Assignment
Every line from the first one in the data below through the line holding "Next, we include" is to be written out exactly, with the pictures omitted.

Data
○ ○ ○ ○ ○ ○ ○

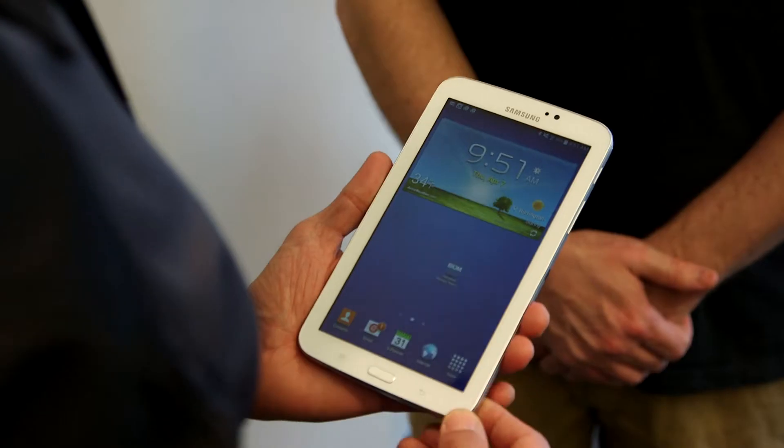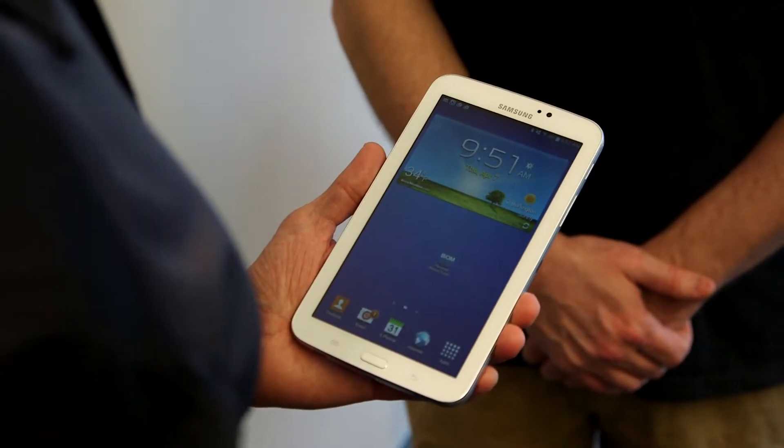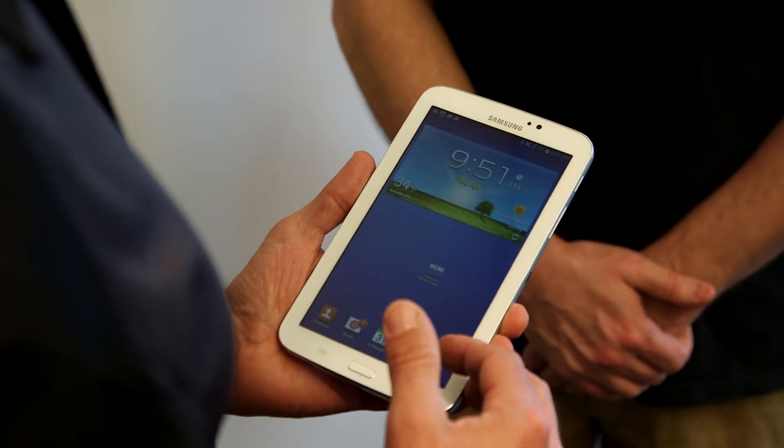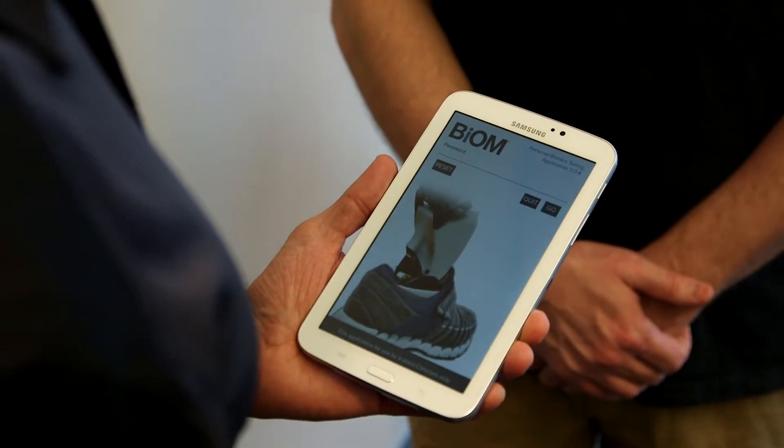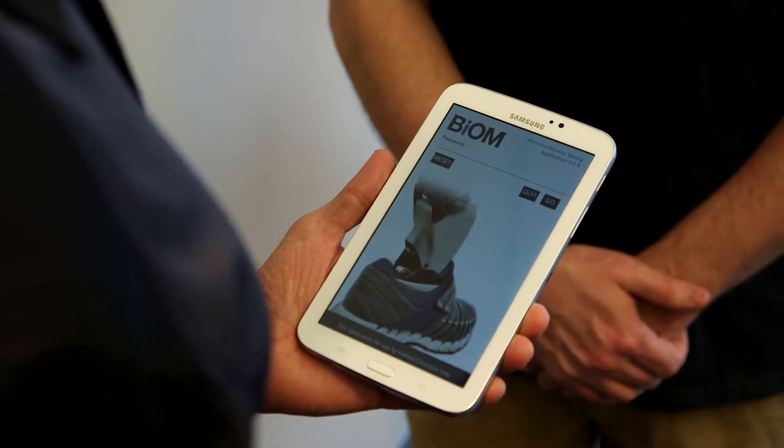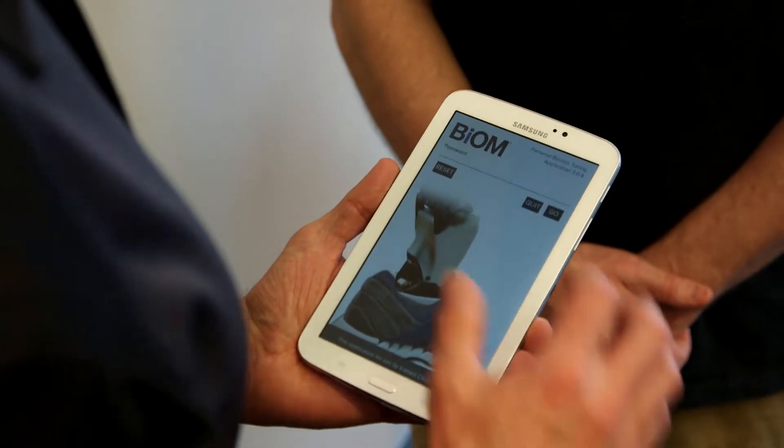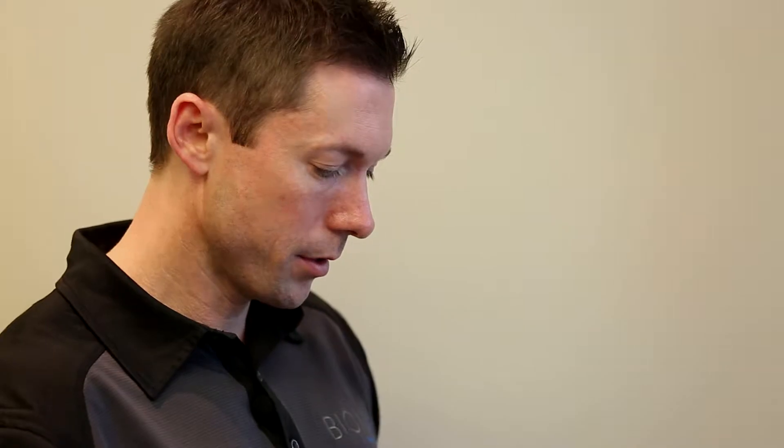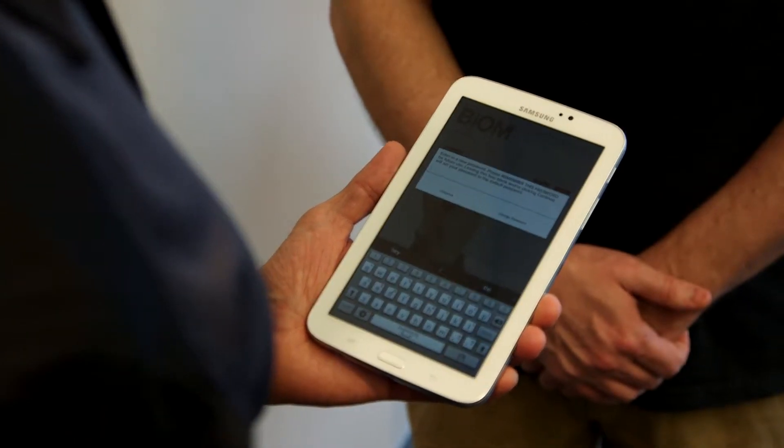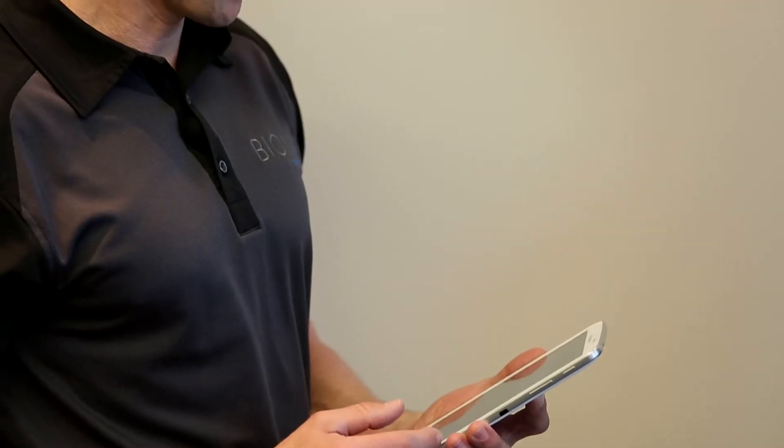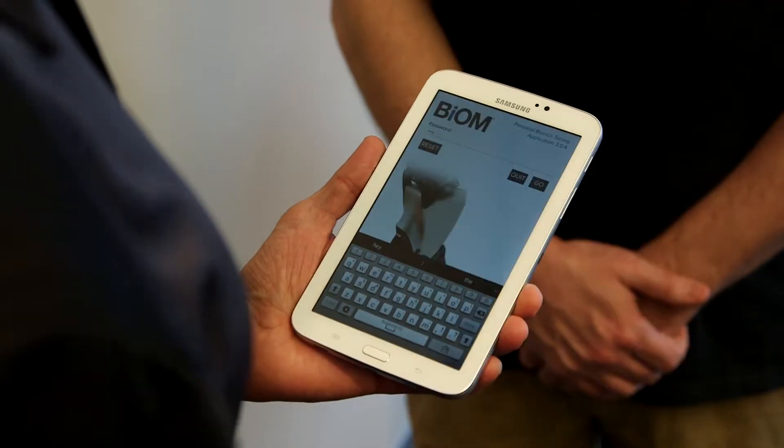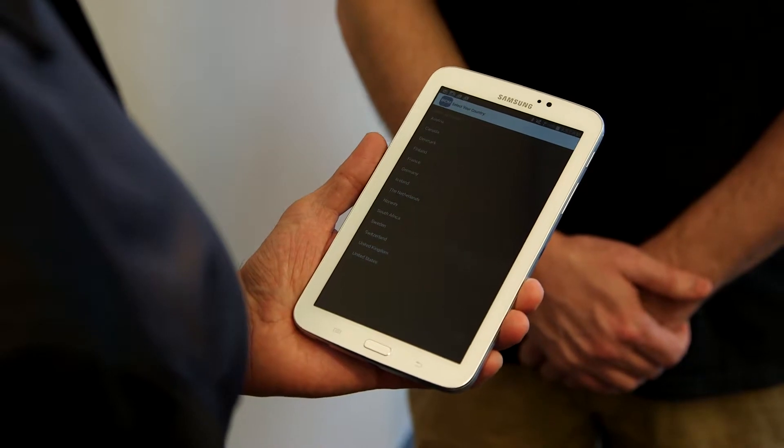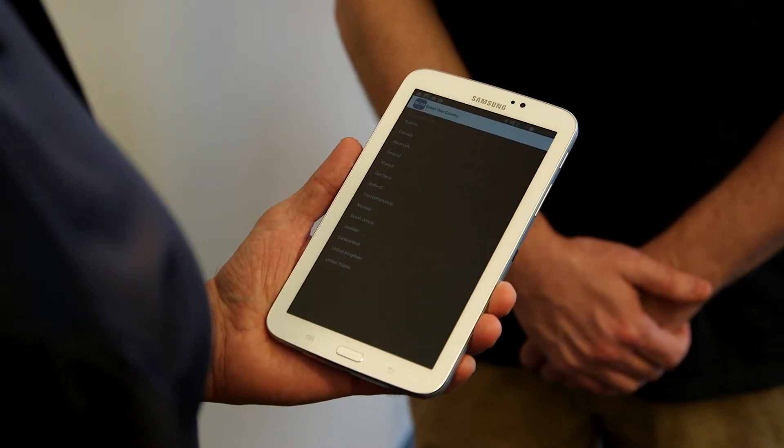With the purchase of a new ankle, each customer receives a tablet as part of the purchase. It's a Samsung Galaxy tablet, and they're going to have the Biome app pre-installed onto that tablet. They go to their home page, they'll see the blue Biome app, and it's as simple as touching on the app, which will open up a login screen. At that point, it's going to ask for the password. There is a default password of 1234. They just touch underneath the password, which will bring up the keyboard, and they'll punch in 1234, hit go.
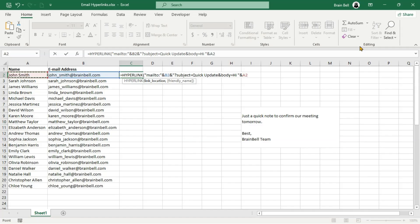Next, we include the body parameter, starting with Hi, followed by the recipient's name from cell A2, and then a comma for proper formatting. This greeting is dynamically generated for each recipient.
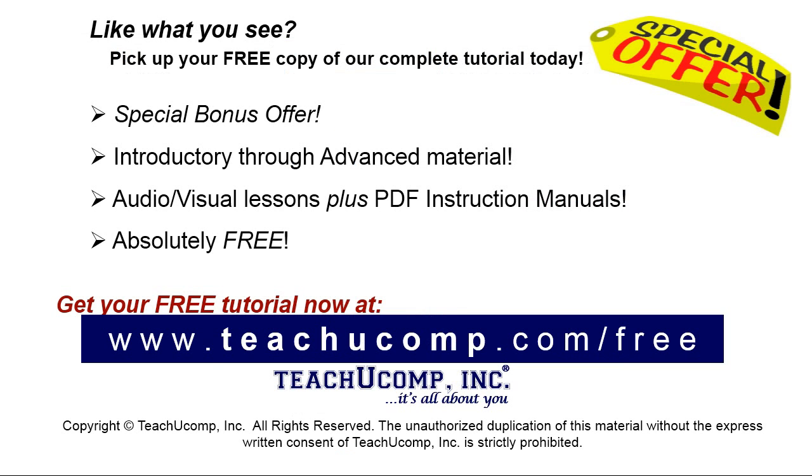Like what you see? Pick up your free copy of the complete tutorial at www.teachucomp.com/free.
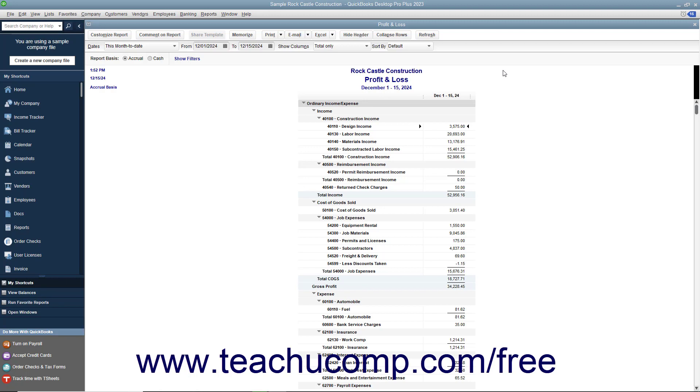You can use the QuickZoom feature when viewing reports within QuickBooks to show the detailed data used to display summary values in reports.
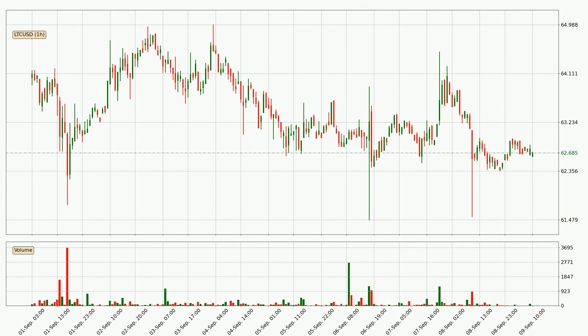If we look at the hourly time frame for Litecoin, the price went up only slightly with around 0.2% in the last 24 hours, with a current price of 62.7.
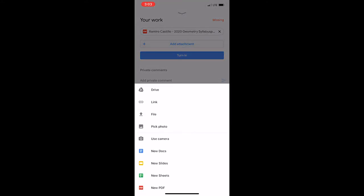From all these options, select pick photo or use camera to add pictures of your math work.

○ ○ ○ ○ ○ ○ ○

Reply to the task
With the purchase of a new ankle, each customer receives a tablet as part of the purchase. It's a Samsung Galaxy tablet, and they're going to have the Biome app pre-installed onto that tablet. They go to their home page, they'll see the blue Biome app, and it's as simple as touching on the app, which will open up a login screen. At that point, it's going to ask for the password. There is a default password of 1234. They just touch underneath the password, which will bring up the keyboard, and they'll punch in 1234, hit go.
Next, we include the body parameter, starting with Hi, followed by the recipient's name from cell A2, and then a comma for proper formatting. This greeting is dynamically generated for each recipient.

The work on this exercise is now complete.